● **Action item**: From the line with "Dramatic sunset lingers" to the line with "Canal and boats", retype each line exactly as it stands in the records below, but skip the pictures.

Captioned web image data

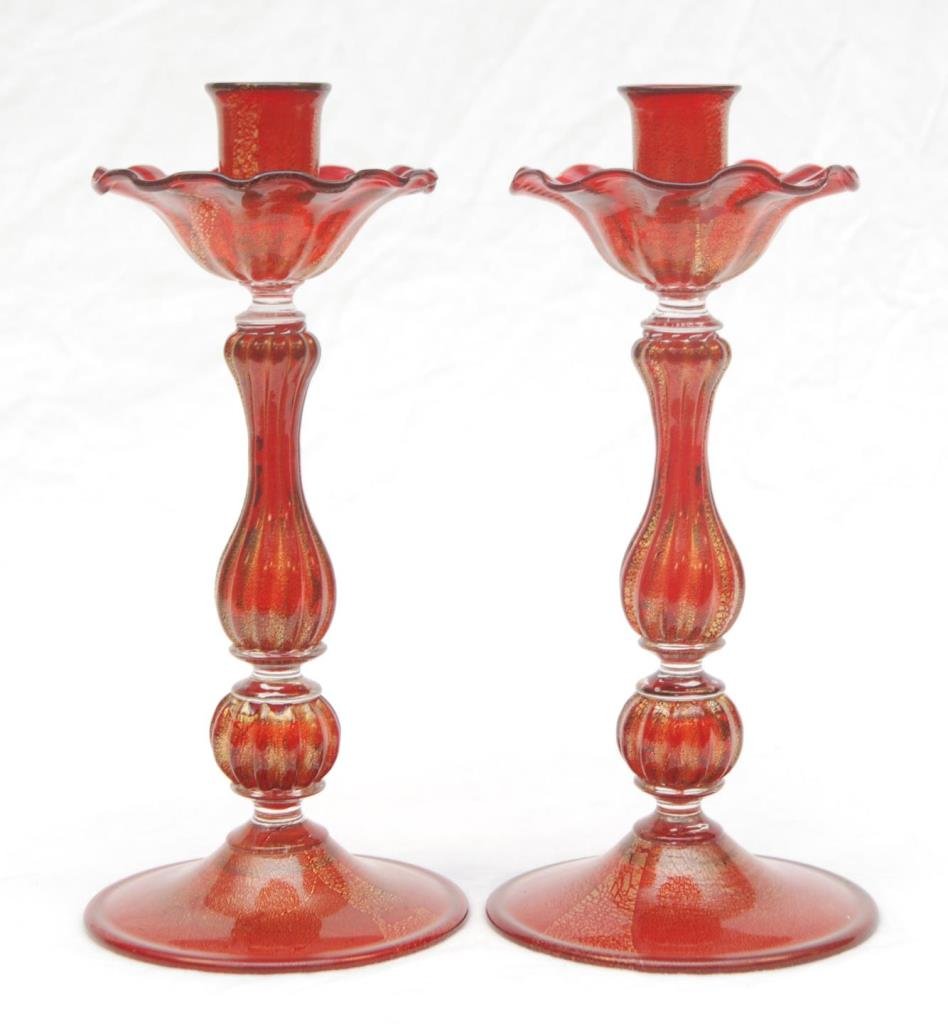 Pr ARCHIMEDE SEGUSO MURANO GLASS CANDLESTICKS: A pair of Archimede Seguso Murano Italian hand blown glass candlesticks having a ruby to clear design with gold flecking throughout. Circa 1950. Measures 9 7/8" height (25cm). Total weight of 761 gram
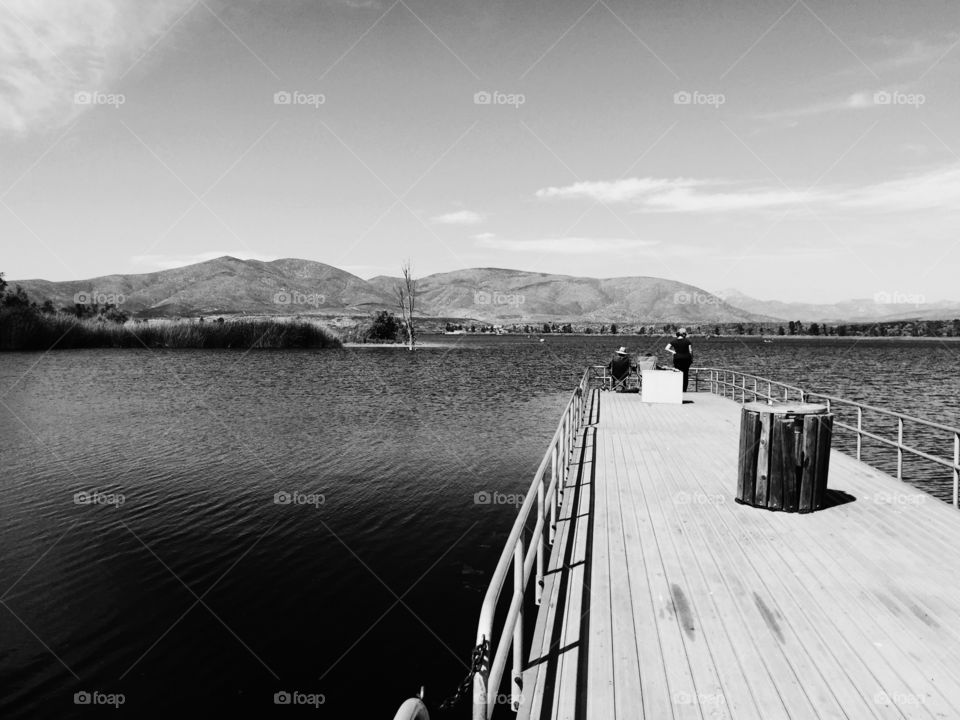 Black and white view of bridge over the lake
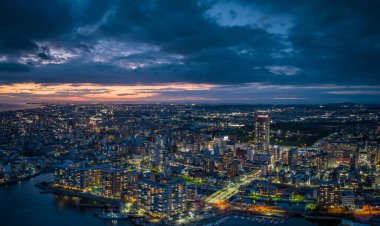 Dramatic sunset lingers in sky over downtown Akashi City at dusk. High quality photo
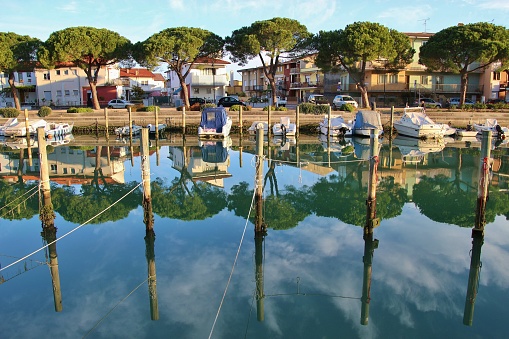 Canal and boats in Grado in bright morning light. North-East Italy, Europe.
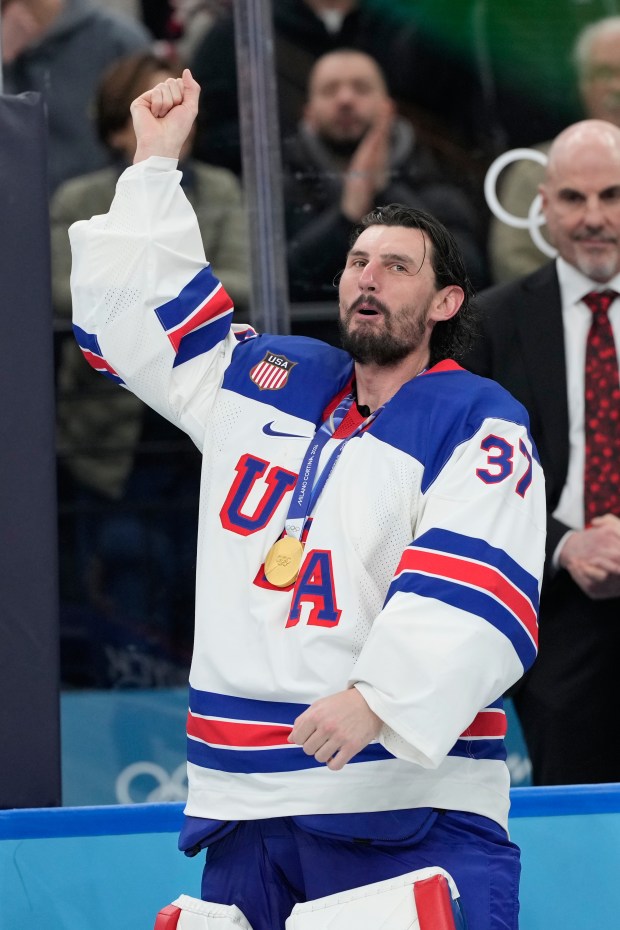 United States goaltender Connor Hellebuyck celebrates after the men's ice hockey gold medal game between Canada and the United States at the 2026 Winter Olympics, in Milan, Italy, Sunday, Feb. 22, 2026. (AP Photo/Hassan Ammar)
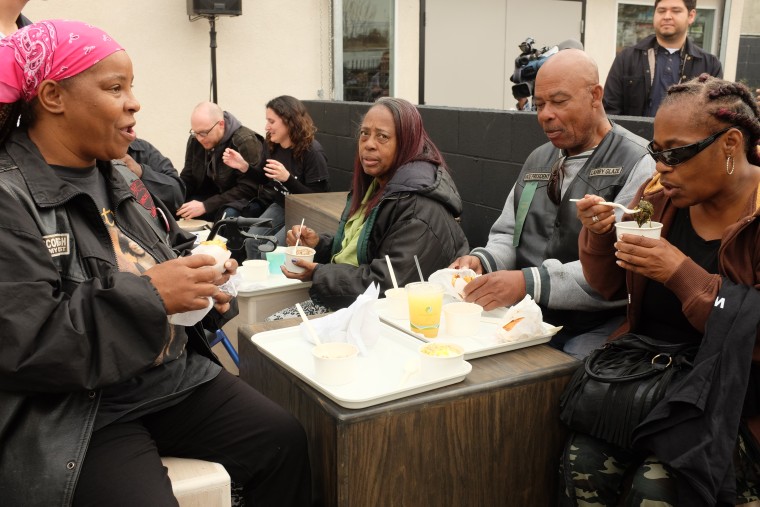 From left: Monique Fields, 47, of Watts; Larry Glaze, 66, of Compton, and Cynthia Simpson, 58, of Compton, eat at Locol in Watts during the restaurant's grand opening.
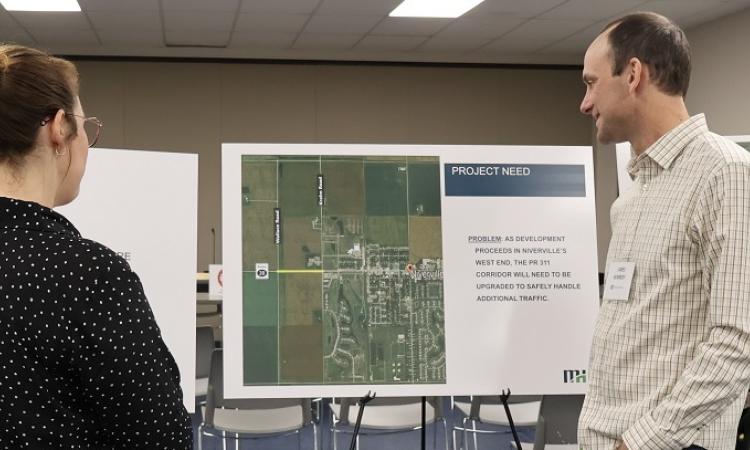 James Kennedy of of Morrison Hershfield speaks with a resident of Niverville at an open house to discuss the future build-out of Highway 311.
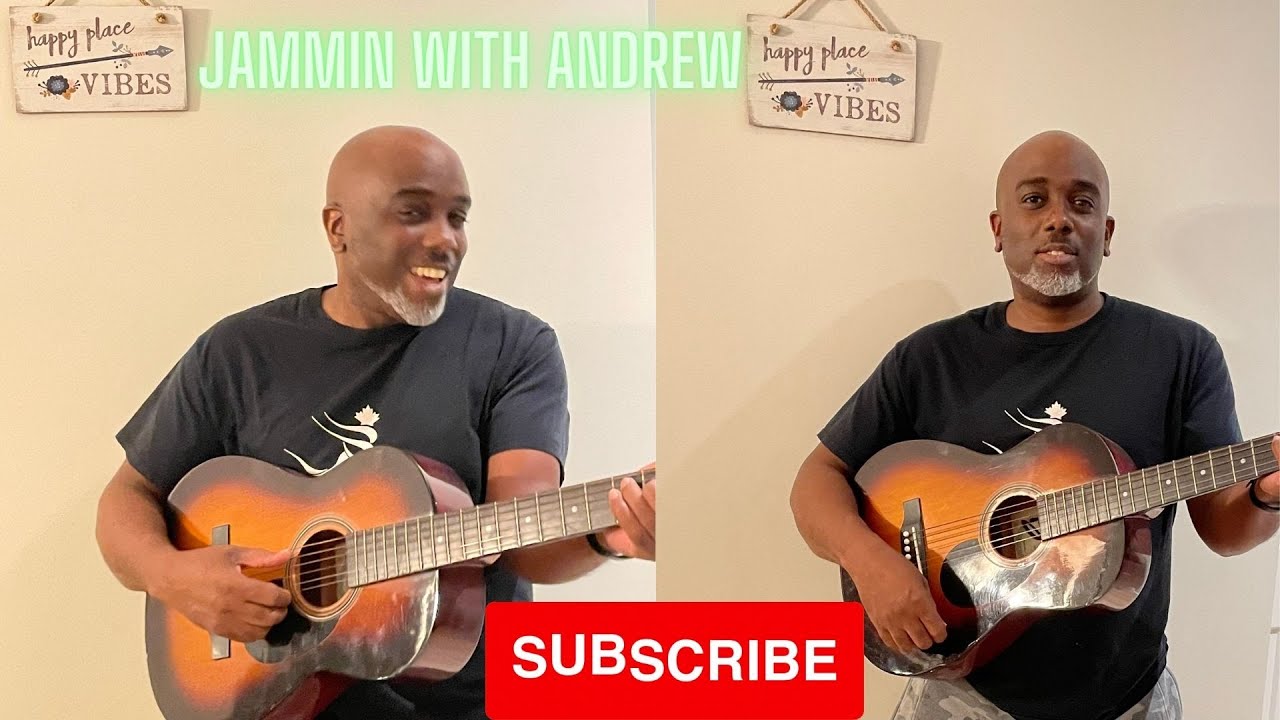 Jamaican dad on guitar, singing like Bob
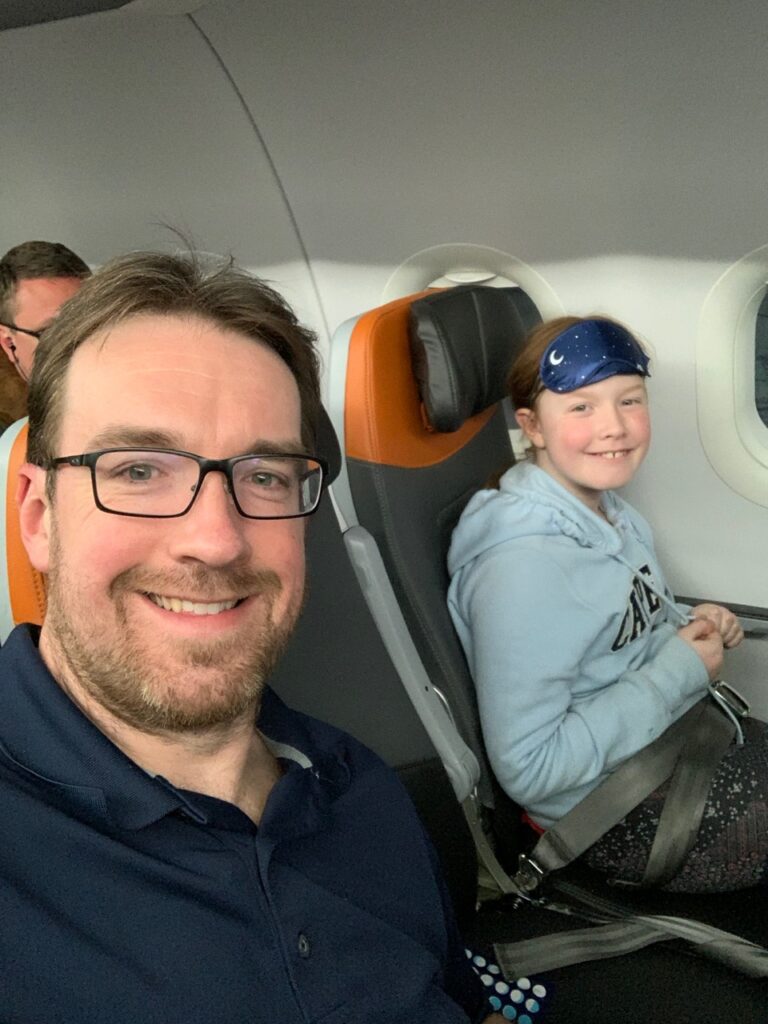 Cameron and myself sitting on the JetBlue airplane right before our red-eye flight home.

● **Written answer**:
 Dramatic sunset lingers in sky over downtown Akashi City at dusk. High quality photo
 Canal and boats in Grado in bright morning light. North-East Italy, Europe.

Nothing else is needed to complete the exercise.